N'Y AURAIT-IL qu'un soir à consacrer au théâtre, n'y aurait-il qu'un spectacle à voir, ce serait celui-ci. Même si, autant le signaler d'entrée comme un modeste service rendu au public, l'effort que l'on attend de vous n'est pas mince. C'est tout de même long (3 h 45 de présence du plateau à la fosse avec un bref entracte) et il vaut mieux être disponible. Mais il y a tant de délicieuses sollicitations au cours de la représentation, on vous en demande tant - et avec esprit, humour - que vous entrez dans un jeu, dans le jeu, et que l'avertissement ne doit en rien être dissuasif... A la fin, en vagues toujours recommencées, des bravos, remerciements et flots d'applaudissements. Chacun a passé un moment exceptionnel de jubilation dramatique et de réflexion sur le théâtre même et sur le monde de l'opéra et sur la société.

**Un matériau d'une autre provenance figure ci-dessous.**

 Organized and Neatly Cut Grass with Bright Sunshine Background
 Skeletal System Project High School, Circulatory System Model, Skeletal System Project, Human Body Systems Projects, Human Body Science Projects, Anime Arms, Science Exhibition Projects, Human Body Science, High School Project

Un peu d'histoire. En 1996, à Grenoble, assez rapidement, Jean-François Sivadier, charme, intelligence, sensibilité, audace, talents divers, acteur et metteur en scène, fait descendre dans une fosse d'orchestre une poignée de spectateurs pour une vraie/fausse répétition de « la Traviata » de Verdi, avec les quatre protagonistes indispensables : la diva, le chef, le metteur en scène, la jeune chanteuse. Et bien sûr l'orchestre. Dans ce jeu avec le feu théâtral, ce sont les spectateurs qui figurent l'orchestre... C'est une proposition brève, enlevée, délirante, une « prova d'orchestra » follement drôle et merveilleusement interprétée. La production fera les beaux soirs d'un certain nombre de fosses, de l'Odéon au Châtelet en passant par la salle Favart.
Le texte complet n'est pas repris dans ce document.